What Went Down at Sauti za Busara 2018

If you love music festivals and thrilled by the idea of discovering new great artists and seeing them perform live then Sauti Za Busara (SZB) festival is one of the music festivals you definitely need to make it a point that you attend. The festival is held in Stone Town, Zanzibar at the Old Fort over a period of four days. There are quite a number of factors that differentiate SZB from other music festivals in terms of their offering. First of all the festival is much longer than most as it is held over four days which means that there is a lot of artists one can enjoy. Secondly, the festival is in Stone Town, Zanzibar Island. Which means that you get to explore East Africa whilst at it.
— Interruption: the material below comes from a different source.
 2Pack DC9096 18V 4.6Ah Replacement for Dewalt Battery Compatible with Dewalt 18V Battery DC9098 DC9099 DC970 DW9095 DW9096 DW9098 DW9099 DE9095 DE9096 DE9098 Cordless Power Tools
Sadly, it is not a camping music festival so you can book yourself into a hotel or backpacker of choice within the city. I say sadly because I enjoy camping festivals. The festival starts only in the afternoon at about 3pm and usually ended just after midnight. Which means that you can spend half of the day exploring Zanzibar like taking a day trip out from Stone Town and heading up North to Nungwi and Kendwa or heading to the East to explore Pingwe and Pongwe or the South East where Paje, Jambiani and Michamvi are situated. These areas are less than two hours away from Stone Town.

The 15th edition of Sauti za Busara 2018 featured an array of African artists on their lineup presented on three respective stages. There were lots of acts that I missed however, there were lots of amazing ones that I managed to watch:

Upon my arrival, on Friday I managed to watch the emerging Malawian band Mbanaye followed by the Tanzanian Cultural Arts Centre (CAC) dancers and musicians. A 14 members band made up of artists from various ethnic backgrounds.

On Saturday I arrived half through Ernest Ikwanga’s set at the Amphitheatre stage. Ikwanga an Afrocentric Malawian Jazz recording artist. I missed the Tanzanian, Segere Original’s performance, however, I made it in time to catch  Grace Matata’s performance as she was one of the artists I highlighted as a must see upon the recommendation of a Tanzanian citizen I spoke to on Friday night. Grace Matata is a Kilimanjaro Music Awards nominee and afro-soul singer/songwriter from Tanzania. She describes her music as “a unique blend of Swahili soul, RnB and jazz with a special touch of poetry and light, heartwarming melodies”. It was the reggae tune she delivered that really got the crowd going and my foot tapping and head bopping whilst still trying to maintain stillness whilst filming sans a tripod. The Tanzanian Saida Karoli’s gave us one hell of a comeback performance and her entourage of dancers gave it their all and then some more for good measure. The Saturday lineup was closed by Ribab Fusion, the  Moroccan band ended the night with their pop traditional fusion setlist.

On Sunday I saw Msafiri Zawose, Zawose is a Tanzanian songwriter and multi-instrumentalist. His father Hukwe, was a founding figure in the nation’s musical independence. It is from him where Zawose drew inspiration with his acoustic traditional fusion sound. One of the most anticipated artist’s performance was Somi, the East African vocalist and songwriter. Her performance was exquisitely delivered with a certain level of certainty and awareness. Peppered with wokeness and much needed socio-political messages. She spoke on it and I was there for all of it. It was Kasai Allstars are a 25-piece musical collective based in Kinshasa, DRC who really fucked shit up with their magical performance. So good, I spent most times getting down, I almost forgot to photograph the show. Sauti za Busara 2018 was closed by our very own Zakes Bantwini. The multi-talented record producer, musician and singer-songwriter

The music programmer did an incredible job with this year’s African continental line up.